**Work required**
Pictures stay out of the copy. Retype exactly the lines below from the one with "Used 2022 Chevrolet Equinox LT FWD image 3" through the one with "Aksi-aksi Menyalip yang".

**Material to process**
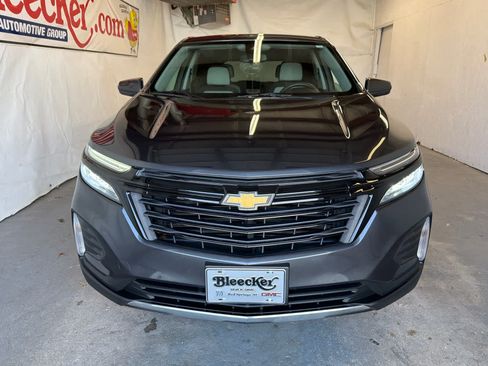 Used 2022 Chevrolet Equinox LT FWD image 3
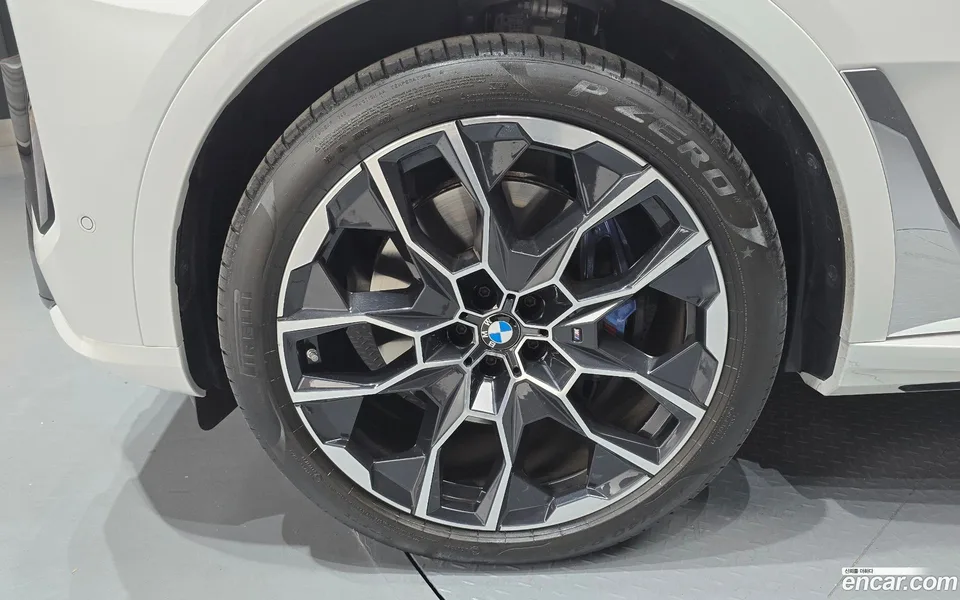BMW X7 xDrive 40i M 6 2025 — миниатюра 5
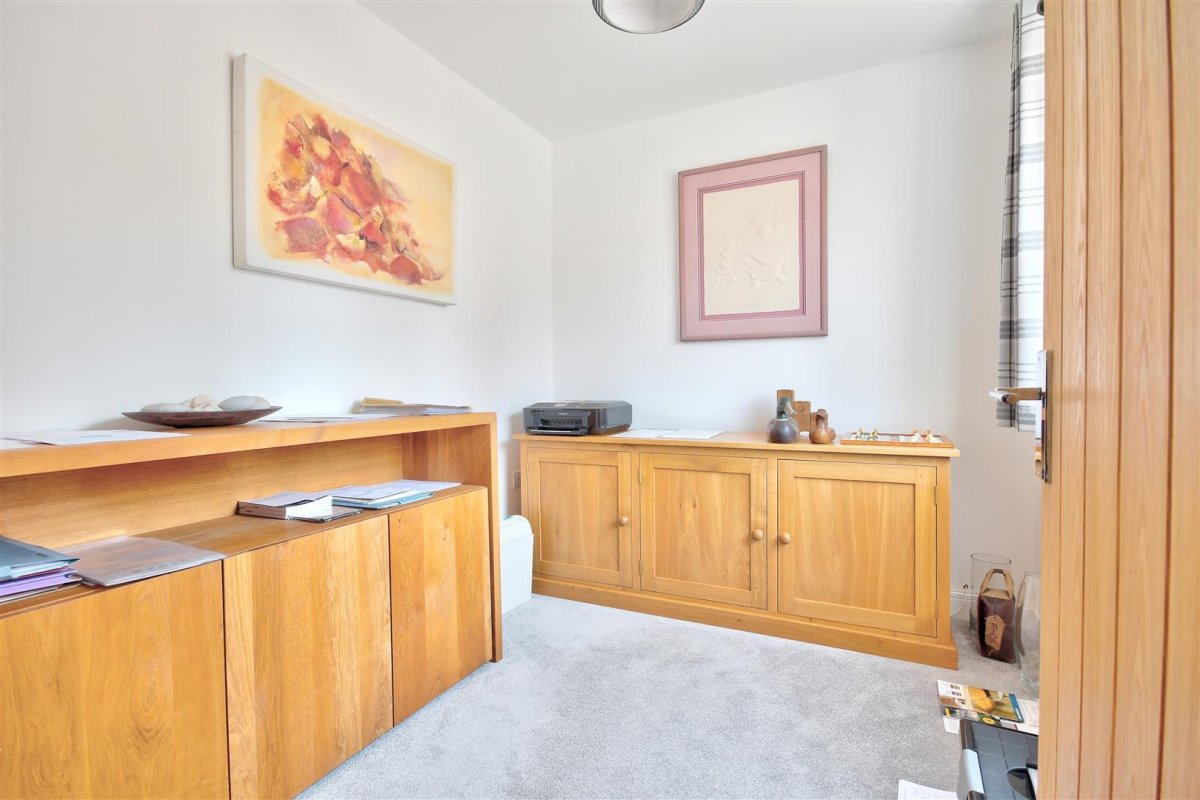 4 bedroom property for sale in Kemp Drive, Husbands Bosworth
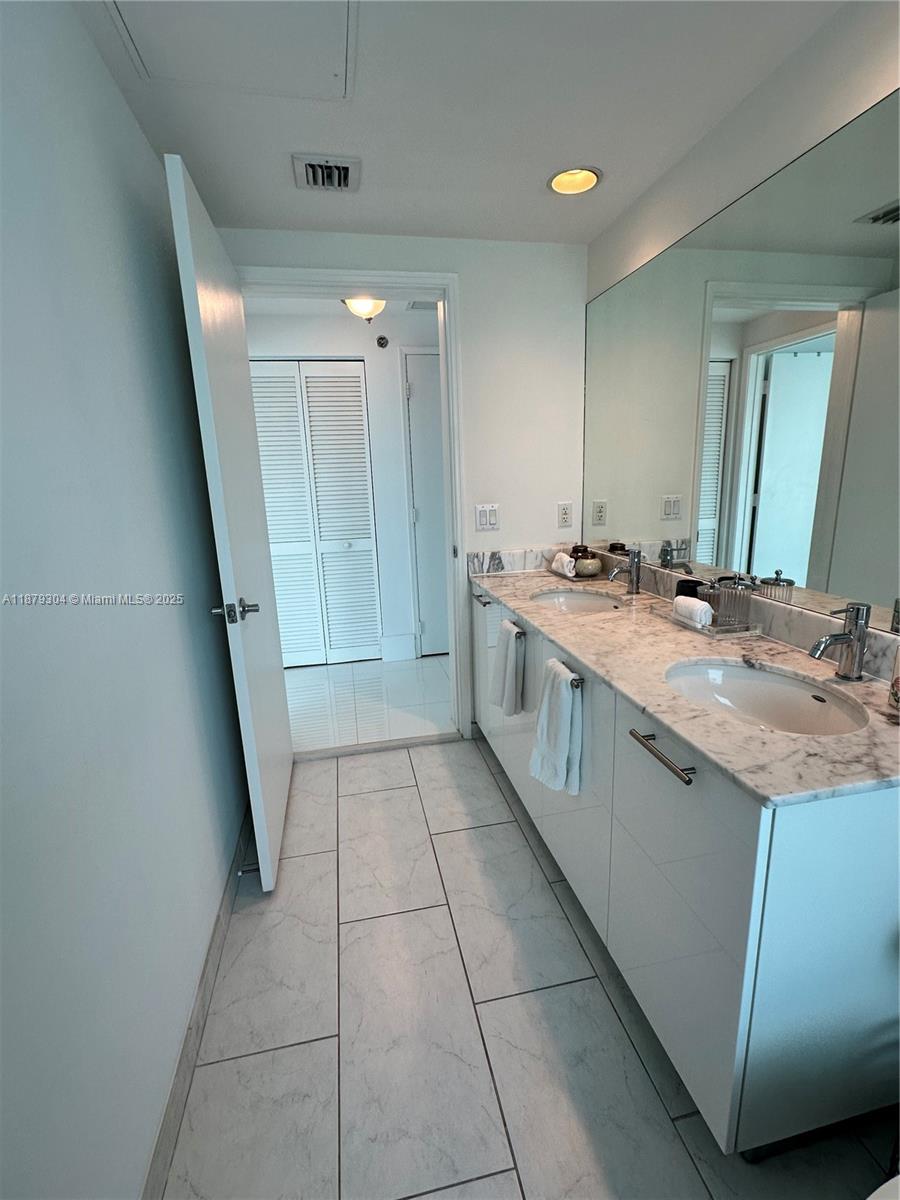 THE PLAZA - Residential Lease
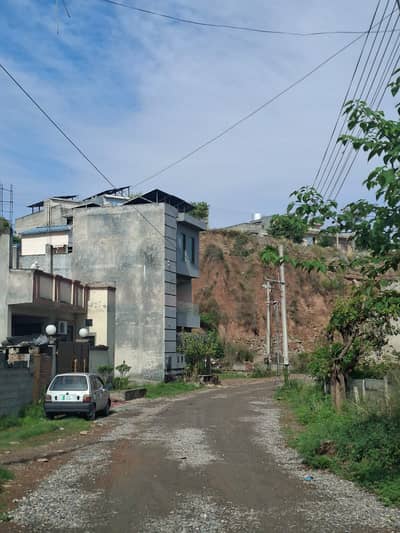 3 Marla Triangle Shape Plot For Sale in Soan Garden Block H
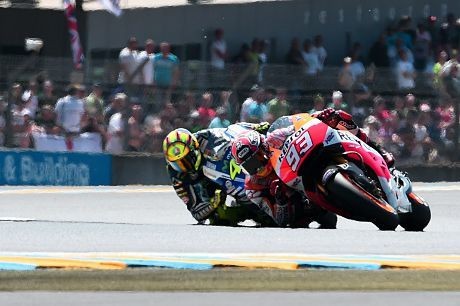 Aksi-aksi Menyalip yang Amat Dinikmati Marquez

==

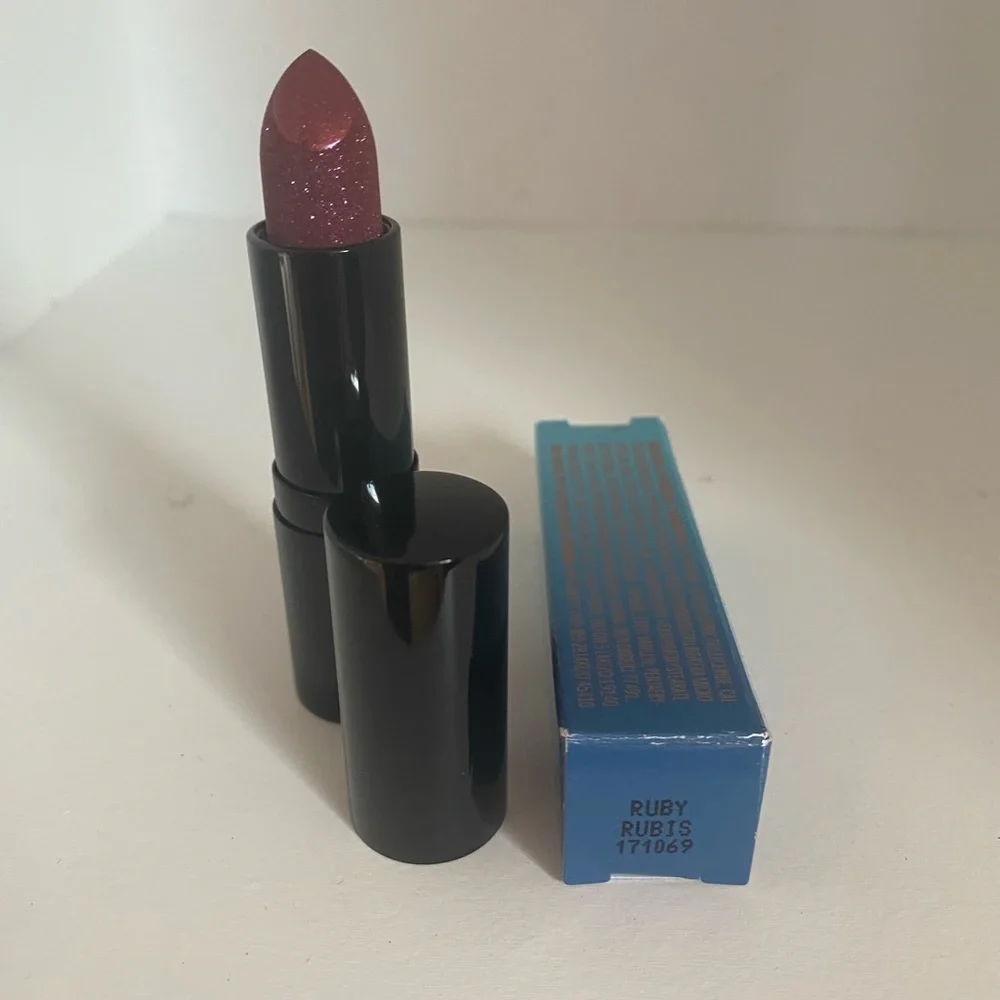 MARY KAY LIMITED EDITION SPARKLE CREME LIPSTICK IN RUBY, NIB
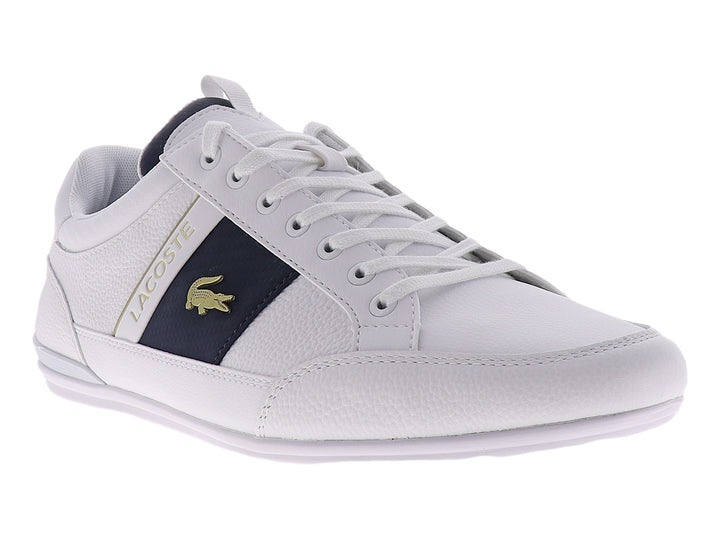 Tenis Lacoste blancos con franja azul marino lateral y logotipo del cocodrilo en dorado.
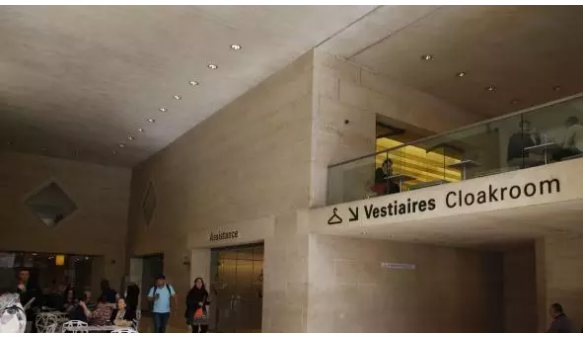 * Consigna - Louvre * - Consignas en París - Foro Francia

**Response box**
 Used 2022 Chevrolet Equinox LT FWD image 3
BMW X7 xDrive 40i M 6 2025 — миниатюра 5
 4 bedroom property for sale in Kemp Drive, Husbands Bosworth
 THE PLAZA - Residential Lease
 3 Marla Triangle Shape Plot For Sale in Soan Garden Block H
 Aksi-aksi Menyalip yang Amat Dinikmati Marquez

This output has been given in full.